What benefits could there be for Myanmar of an Investment Protection Agreement with the European Union?
The European Union is promoting investment protection with its international partners with the aim to boost economic cooperation and ensure a level playing field for European companies with other investors. Myanmar has indeed already signed about 10 Investment Protection Agreements with countries of the region and beyond. An Investment Protection Agreement in place is a strong incentive for European businesses to come to Myanmar because they can trust to find fair conditions and a business friendly environment that allows for a long-term strategy. But an Investment Protection Agreement is never a one-way-street: it also makes sure that European businesses investing in Myanmar fulfil their responsibilities when it comes to employment and working conditions, fair pay for workers and the protection of the environment. So if you are asking for the benefits of a Myanmar-EU Investment Protection Agreement, these are: more European investments, more incoming expertise and know-how, more technologies, more jobs, more trade with the European market of more than 500 million consumers; but it is also a safeguard for sustainable and responsible investments that will last and offer social and environmental security to the people European businesses work with in this country.
Further improvement in the business environment in Myanmar will attract more EU investment and the Investment Protection Agreement (IPA) is an important element to achieve that. European businesses are renowned for their leadership in latest technology and know-how. An increase in investment from the EU could therefore help diversify Myanmar's exports from its current natural resource base and labour intensive products. This means in a medium-to long-term perspective a high potential for a positive impact of European investments on economic stability and growth, increased employment and ultimately a contribution to better living standards and reduced poverty in Myanmar.
The IPA will help EU companies when taking investment decisions. The investment protection agreement will also promote transparency in the investment framework that will benefit both domestic and foreign investors. At the same time, the agreement contains clear provisions to safeguard the governments' right to regulate and to protect the rights of workers and the environment.
In its support to governance reform in Myanmar, the EU has emphasised the importance of transparency. Yet the negotiations to this point over the EU-Myanmar Investment Protection Agreement have been criticised as being non transparent. When will the draft terms of the IPA be made available to the public? How will the wider Myanmar public be able to feed into the process before the agreement is made?

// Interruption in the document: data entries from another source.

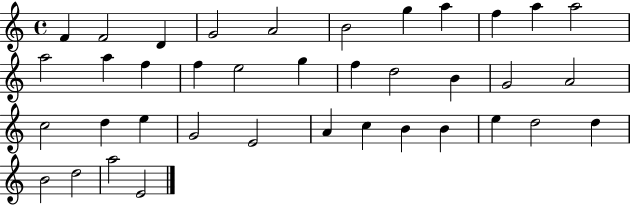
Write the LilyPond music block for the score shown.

{
  \clef treble
  \time 4/4
  \defaultTimeSignature
  \key c \major
  f'4 f'2 d'4 | g'2 a'2 | b'2 g''4 a''4 | f''4 a''4 a''2 | \break a''2 a''4 f''4 | f''4 e''2 g''4 | f''4 d''2 b'4 | g'2 a'2 | \break c''2 d''4 e''4 | g'2 e'2 | a'4 c''4 b'4 b'4 | e''4 d''2 d''4 | \break b'2 d''2 | a''2 e'2 | \bar "|."
}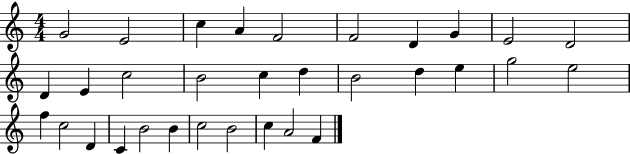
G4/h E4/h C5/q A4/q F4/h F4/h D4/q G4/q E4/h D4/h D4/q E4/q C5/h B4/h C5/q D5/q B4/h D5/q E5/q G5/h E5/h F5/q C5/h D4/q C4/q B4/h B4/q C5/h B4/h C5/q A4/h F4/q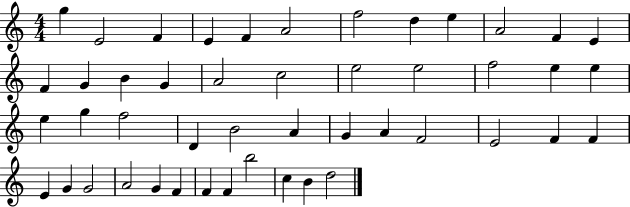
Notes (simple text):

G5/q E4/h F4/q E4/q F4/q A4/h F5/h D5/q E5/q A4/h F4/q E4/q F4/q G4/q B4/q G4/q A4/h C5/h E5/h E5/h F5/h E5/q E5/q E5/q G5/q F5/h D4/q B4/h A4/q G4/q A4/q F4/h E4/h F4/q F4/q E4/q G4/q G4/h A4/h G4/q F4/q F4/q F4/q B5/h C5/q B4/q D5/h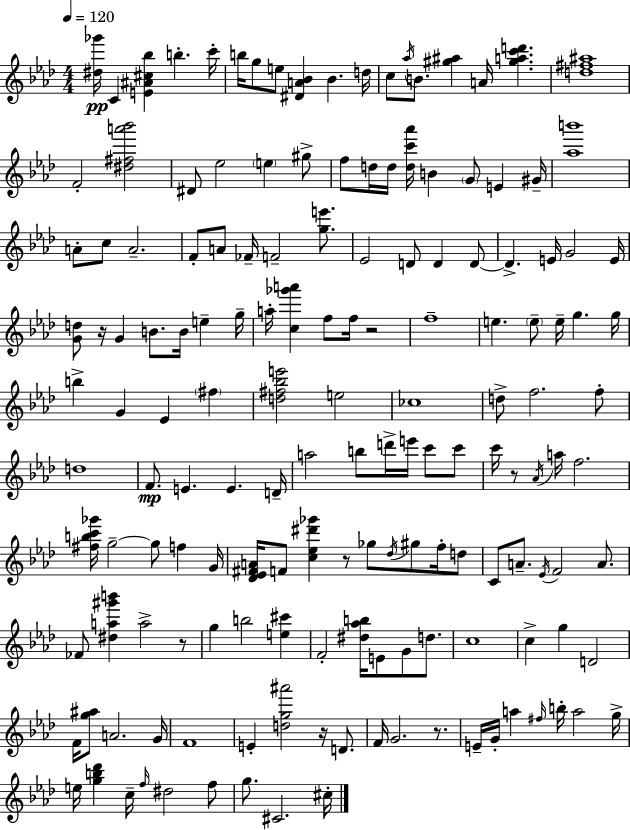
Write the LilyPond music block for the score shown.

{
  \clef treble
  \numericTimeSignature
  \time 4/4
  \key aes \major
  \tempo 4 = 120
  <dis'' ges'''>16\pp c'4 <e' ais' cis'' bes''>4 b''4.-. c'''16-. | b''16 g''8 e''8 <dis' a' bes'>4 bes'4. d''16 | c''8 \acciaccatura { aes''16 } b'8. <gis'' ais''>4 a'16 <gis'' a'' c''' d'''>4. | <d'' fis'' ais''>1 | \break f'2-. <dis'' fis'' a''' bes'''>2 | dis'8 ees''2 \parenthesize e''4 gis''8-> | f''8 d''16 d''16 <d'' c''' aes'''>16 b'4 \parenthesize g'8 e'4 | gis'16-- <aes'' b'''>1 | \break a'8-. c''8 a'2.-- | f'8-. a'8 fes'16-- f'2-- <g'' e'''>8. | ees'2 d'8 d'4 d'8~~ | d'4.-> e'16 g'2 | \break e'16 <g' d''>8 r16 g'4 b'8. b'16 e''4-- | g''16-- a''16-. <c'' ges''' a'''>4 f''8 f''16 r2 | f''1-- | e''4. \parenthesize e''8-- e''16-- g''4. | \break g''16 b''4-> g'4 ees'4 \parenthesize fis''4 | <d'' fis'' bes'' e'''>2 e''2 | ces''1 | d''8-> f''2. f''8-. | \break d''1 | f'8.\mp e'4. e'4. | d'16-- a''2 b''8 d'''16-> e'''16 c'''8 c'''8 | c'''16 r8 \acciaccatura { aes'16 } a''16 f''2. | \break <fis'' b'' c''' ges'''>16 g''2--~~ g''8 f''4 | g'16 <des' ees' fis' a'>16 f'8 <c'' ees'' dis''' ges'''>4 r8 ges''8 \acciaccatura { des''16 } gis''8 | f''16-. d''8 c'8 a'8.-- \acciaccatura { ees'16 } f'2 | a'8. fes'8 <dis'' a'' gis''' b'''>4 a''2-> | \break r8 g''4 b''2 | <e'' cis'''>4 f'2-. <dis'' aes'' b''>16 e'8 g'8 | d''8. c''1 | c''4-> g''4 d'2 | \break f'16 <g'' ais''>8 a'2. | g'16 f'1 | e'4-. <d'' g'' ais'''>2 | r16 d'8. f'16 g'2. | \break r8. e'16-- g'16-. a''4 \grace { fis''16 } b''16-. a''2 | g''16-> e''16 <g'' b'' des'''>4 c''16-- \grace { f''16 } dis''2 | f''8 g''8. cis'2. | cis''16-. \bar "|."
}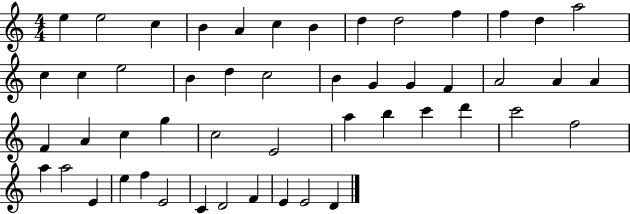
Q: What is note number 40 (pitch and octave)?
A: A5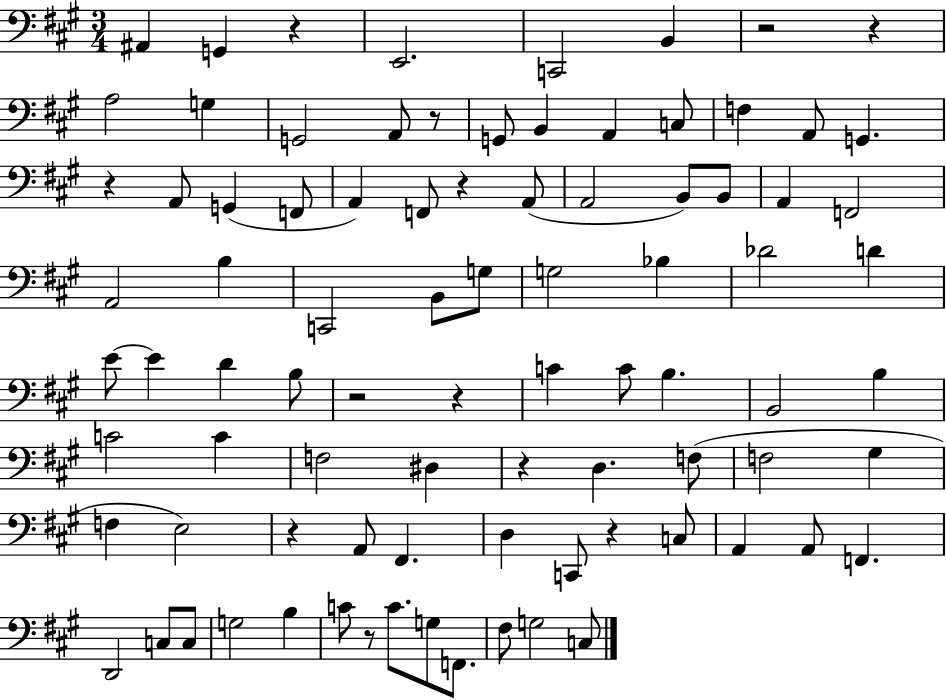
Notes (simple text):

A#2/q G2/q R/q E2/h. C2/h B2/q R/h R/q A3/h G3/q G2/h A2/e R/e G2/e B2/q A2/q C3/e F3/q A2/e G2/q. R/q A2/e G2/q F2/e A2/q F2/e R/q A2/e A2/h B2/e B2/e A2/q F2/h A2/h B3/q C2/h B2/e G3/e G3/h Bb3/q Db4/h D4/q E4/e E4/q D4/q B3/e R/h R/q C4/q C4/e B3/q. B2/h B3/q C4/h C4/q F3/h D#3/q R/q D3/q. F3/e F3/h G#3/q F3/q E3/h R/q A2/e F#2/q. D3/q C2/e R/q C3/e A2/q A2/e F2/q. D2/h C3/e C3/e G3/h B3/q C4/e R/e C4/e. G3/e F2/e. F#3/e G3/h C3/e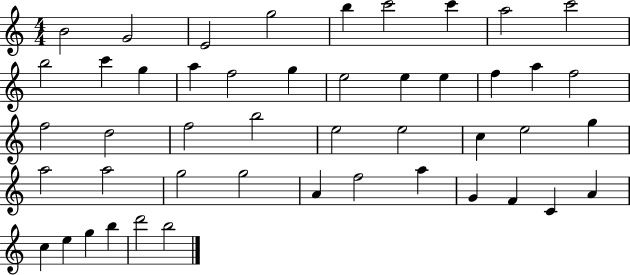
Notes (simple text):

B4/h G4/h E4/h G5/h B5/q C6/h C6/q A5/h C6/h B5/h C6/q G5/q A5/q F5/h G5/q E5/h E5/q E5/q F5/q A5/q F5/h F5/h D5/h F5/h B5/h E5/h E5/h C5/q E5/h G5/q A5/h A5/h G5/h G5/h A4/q F5/h A5/q G4/q F4/q C4/q A4/q C5/q E5/q G5/q B5/q D6/h B5/h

The EU is probably the international partner most committed to transparency in its trade and investment negotiations. In every negotiation, including for the EU-Myanmar IPA negotiation, the EU is very open to a broad range of views and dedicates itself to consult all stakeholders. This includes public consultations, a civil society dialogue, as well as exchanges of views with the European Member States via the Council of European Union and the European Parliament. The European Union conducted an Impact Assessment prior to launching negotiations with Myanmar, which included a 3-month public consultation in the country. During the negotiations, a Sustainability Impact Assessment (SIA) was conducted by an independent consultant. This SIA provides an in-depth analysis of the agreement's potential economic, social, environmental and human rights impacts. The SIA was accompanied by a wide-ranging stakeholder consultation, as well as a workshop in Yangon in December 2015 and meetings with civil society. The results of the assessment were taken into account in the negotiations. The European Commission – the European Union institutions responsible for the technical preparation of the agreement - has recently published its position paper, following the final SIA report, indicating how it intends to take into account the recommendations made in the SIA.

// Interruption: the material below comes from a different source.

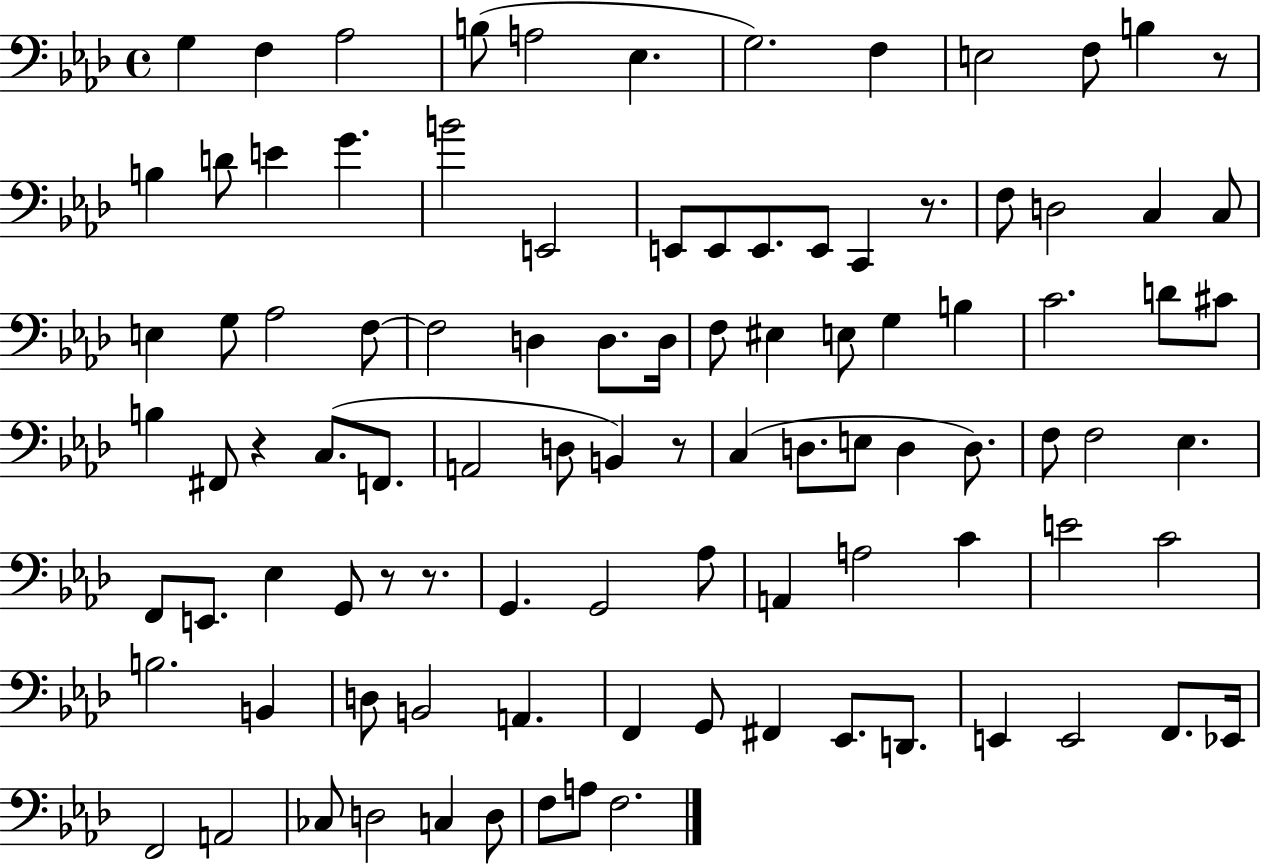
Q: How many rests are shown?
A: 6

The reports of the IPA negotiating rounds are regularly published on the EU website. In addition, in the margin of every round of negotiation, the EU has organised a meeting with civil society to hear its comments and explain how the negotiations are progressing. We also have encouraged and valued any process engaged by our counterparts that would increase the transparency of the negotiation and involvement of the stakeholders.
As regards the texts that are being negotiated, these are not public. This is normal for any negotiation, not just those involving the EU but across the world. For the EU, all investment agreements negotiated by the European Commission need to be approved by the Council of Ministers and the European Parliament. During this approval phase, the text will be made publicly available. The proof is that the text of the agreements recently concluded with other partners (Canada, Singapore or Vietnam) can be consulted on the European Commission's website.
As I mentioned before, Myanmar has already concluded and signed about 10 Investment Protection Agreements with countries from Asia and beyond, and it is interesting to note that the EU agreement is no doubt the one that has been offering the highest transparency, preparation and consultation; but it is the agreement that has also been the object of the most attention and commentaries by far various groups.
Another specific concern around the IPA is that - given Myanmar's current challenges of conflict and resource sharing - an IPA would be better considered once these issues have been addressed. Are there ways that an IPA might negatively affect Myanmar's peace process?
The SIA addressed the possible impact of the EU-Myanmar IPA on the peace process. The final report found no evidence that the IPA would cause a deterioration of the Myanmar peace process. This assessment is based on Myanmar’s experience with investment in former conflict zones from Japan, under the Japan-Myanmar BIT. Experience from other post-conflict areas in the world has shown that foreign direct investments and economic growth can actually have a positive impact on peace building efforts. Investments create jobs, and this gives an invaluable new perspective for people who have suffered the consequences of conflict and struggled to feed and educate their children.
Will there be a full EU-Myanmar IPA human rights impact assessment before the agreement is finalised? If so, when might that assessment be made publicly available?
The Sustainability Impact Assessment (SIA) contained a specific section assessing the IPA's potential impact on human rights. According to the SIA, since the scope of the IPA is limited to investment protection, the IPA's impacts on human rights are therefore difficult to determine as such impacts are often indirect. The increase of EU investment as a consequence of the IPA is more likely to deliver positive than negative impacts in terms of human rights. It is important to underline that EU companies regularly have a code of conduct which includes provisions on human rights. The due diligence conducted by EU companies, including the analysis of potential human rights issues in supply chains, could also mitigate the risks of human rights violation, as well as promote good practices in Myanmar. The European public watches very closely how EU companies abroad are performing in terms of sustainable development and human rights.